# 3. Document Embedding

In the previous section, we represented variable length texts as fixed length numeric vectors; the approach we have used so far is the traditional approach of Bag of Words (BoW), which tokenizes a text into words (tokens), ignoring orders of tokens but may reserve the count. This approach is high dimension, and very sparse; this may result in over fitting and high time complexity.

A more modern text vectorization approach is word embedding (also called simply embedding), relying on neural representations. This approach takes distributional semantics into account; that is, a word’s meaning is given by the words that frequently appear close-by. Hence, we can construct a word’s context by using the set of words that appear nearby within a fixed-sized window. 

Semantically similar texts, then, would appear closer to each other in the vector space. We could also possibly capture semantic operations by operations in the vector space; for example, similarity between texts could be measured by vector dot product. We could also perform algebraic operations; for example, 

$\text{vector(”King”)} - \text{vector(”Man”)} + \text{vector(”Woman”)} \sim \text{vector(“Queen”)}$. 

Modern-day representations are typically learned from vast body of texts, often with deep neural networks, and they typically result in pre-trained models.


## 3.1 Universal Sentence Encoder

The Universal Sentence Encoder (USE) was first published by Google around 2018. It maps a sentence, word, or short paragraph to a fixed length (typically 512) numeric vector. This approach would mean semantically similar sentences would be placed closer to each other in the embedding space. 
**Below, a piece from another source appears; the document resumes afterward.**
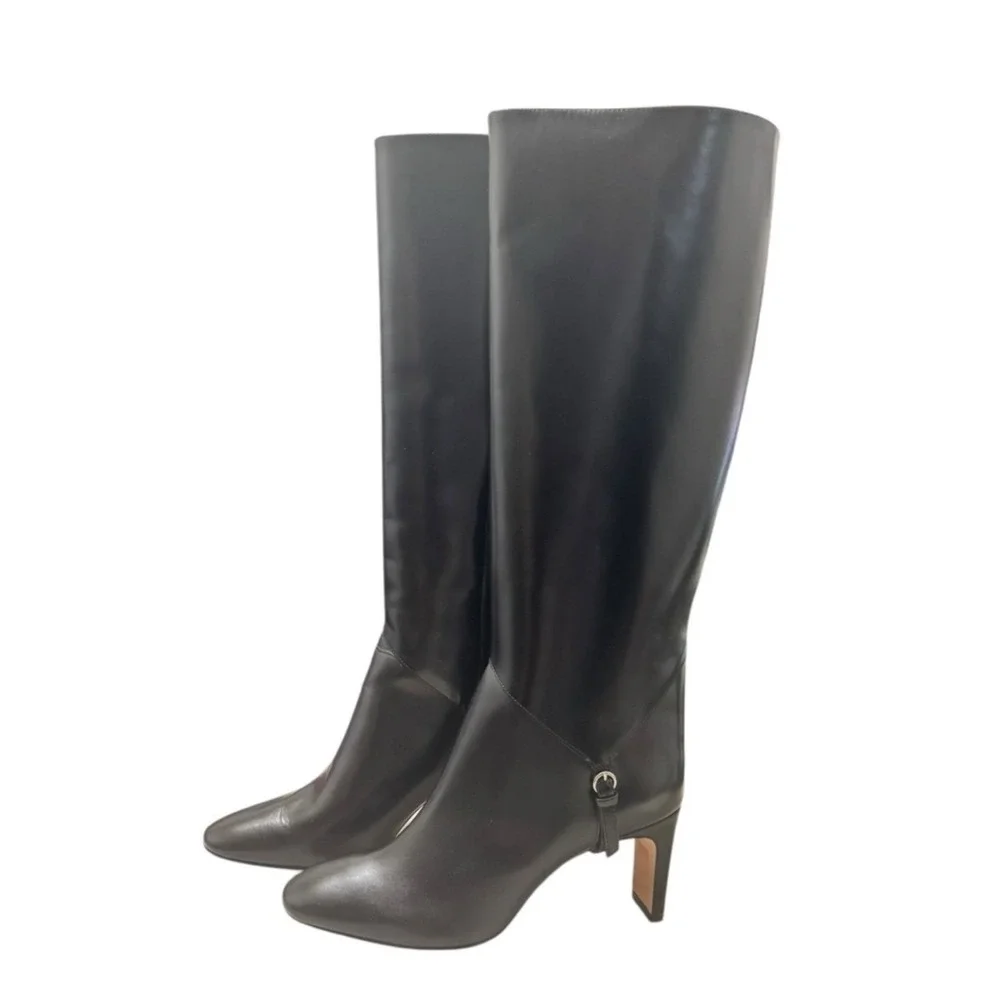 New Reformation Gaelle Knee Boots Sz 9 Black Leather New Buckle Detail Tall Heel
Embeddings are typically the result of using raw text, so no pre-processing would be involved. This sentence embedding can then be used for downstream applications,
e.g., classification, clustering, and language prediction. 

USE is a pre-trained model trained on variety of data, e.g., wikipedia and books. It was trained with a deep averaging network (DAN) encoder; more information and explanation on the process behind USE can be found at https://arxiv.org/pdf/1803.11175.pdf.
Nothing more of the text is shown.